O L a = \frac{2 π n}{λ} L_{a} = \frac{2 π L a}{λ} n_{a} \frac{1}{(k_{a} \cdot \hat{z})},

(39)

O L b = \frac{2 π n}{λ} L_{b} = \frac{2 π L b}{λ} n_{b} \frac{1}{(k_{b} \cdot \hat{z})} .

(40)

By calculation, the refractive index (n_a, n_b), wave normal vector (k_a, k_b), and optical path (OLa, OLb) of LiNbO₃ crystals are all functions of the ϕ of the angle of incidence α and the azimuth.

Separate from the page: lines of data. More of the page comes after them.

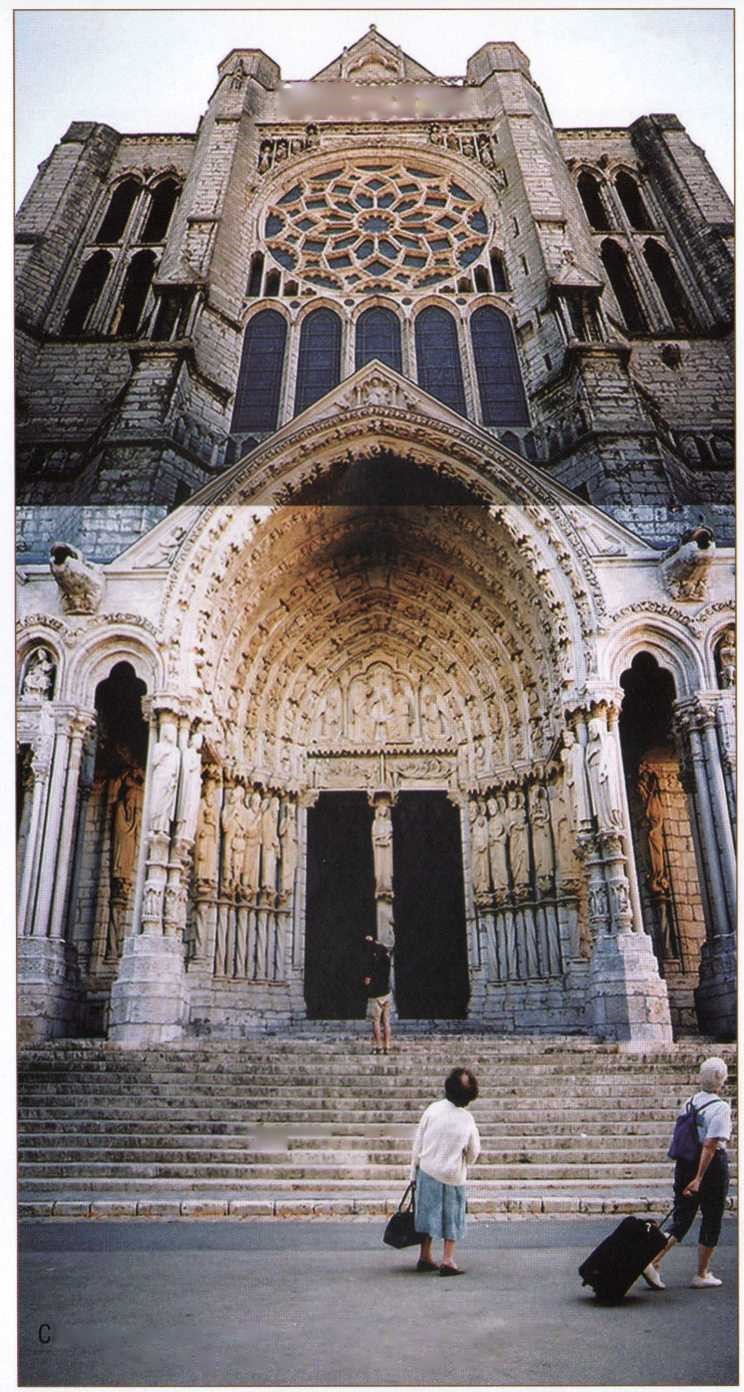 Chartres Katedrali 1154 ve 1194 yıllarında geçirdiği iki büyük yangından sonra tekrar inşa edildi.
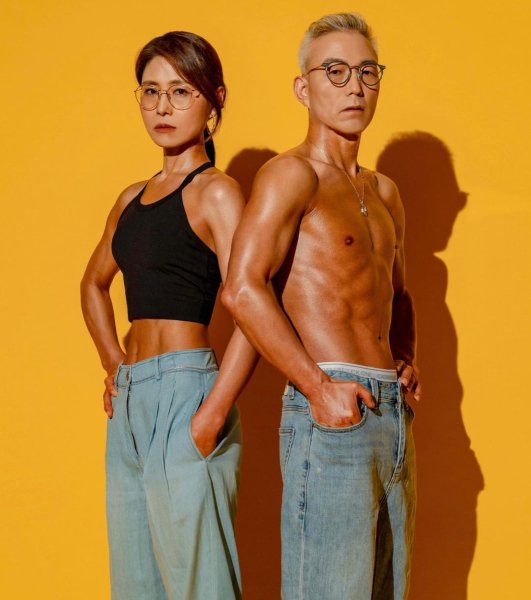 Кім Сунок з чоловіком Канг Чангдонгом 57-річна Кім Сунок і 62-річний Канг Чангдонг дивують зовнішнім виглядом перед пенсією, молодість, зупинка старіння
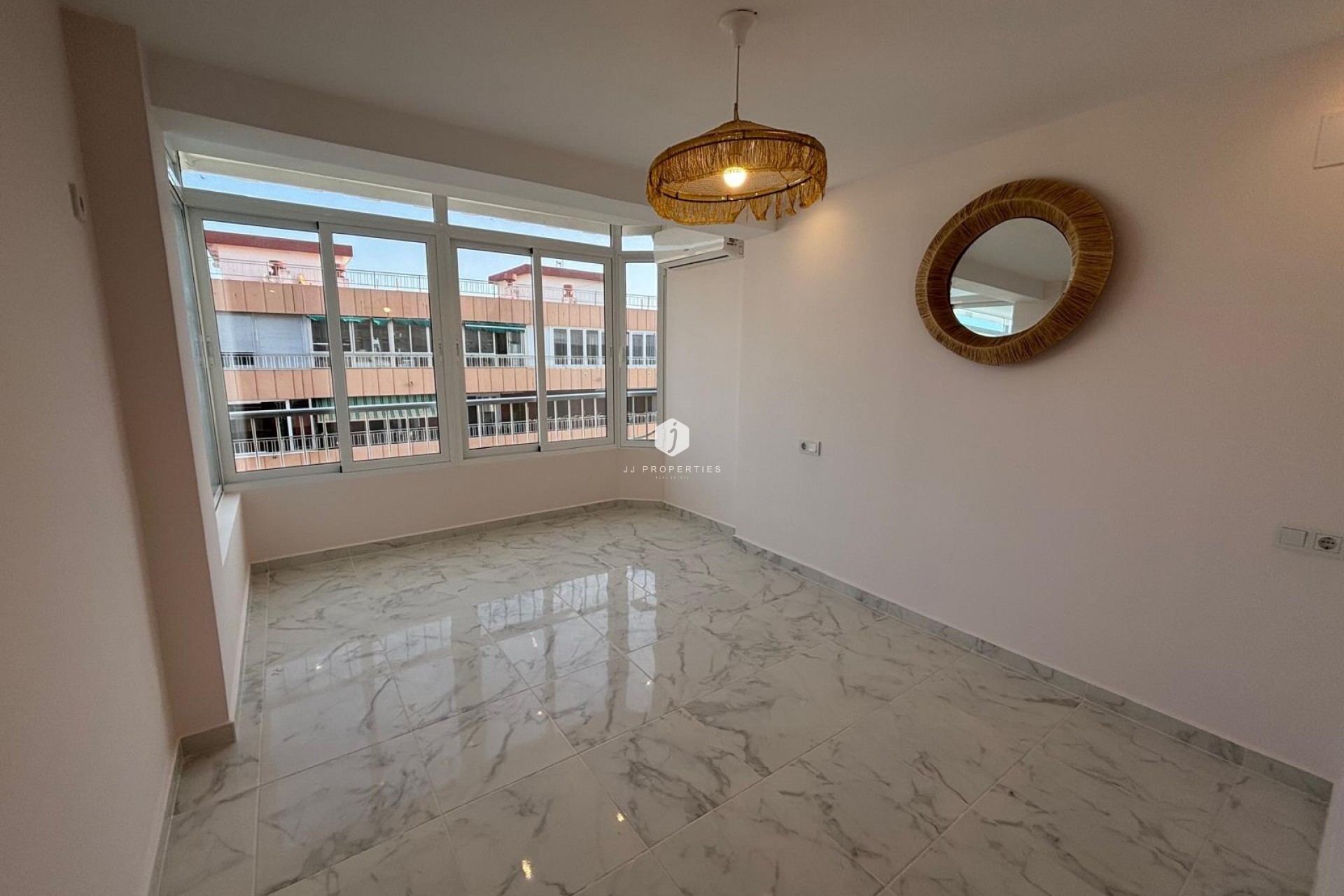 Aus zweiter Hand - Penthouse -
Torrevieja - Acequion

The phase delay caused by the LiNbO₃ crystals under any incident condition can be expressed as follows:

\begin{array}{l} Γ & = \frac{2 π L}{λ} [n_{a} \frac{1}{(k_{a} \cdot \hat{z})} - n_{b} \frac{1}{(k_{b} \cdot \hat{z})}] \\ = \frac{2 π L}{λ} [n_{a} \frac{1}{\sqrt{1 - \sin^{2} α / n_{a}^{2}}} - n_{b} \frac{1}{\sqrt{1 - \sin^{2} α / n_{b}^{2}}}] . \end{array}

(41)

According to Equation (41), the phase delay caused by the birefringence effect of LiNbO₃ crystals is mainly related to the angle of incidence (angle of incidence α and azimuth angle ϕ), the wavelength λ of the incident light, the length of the direction L, and the refractive index of the refracted light.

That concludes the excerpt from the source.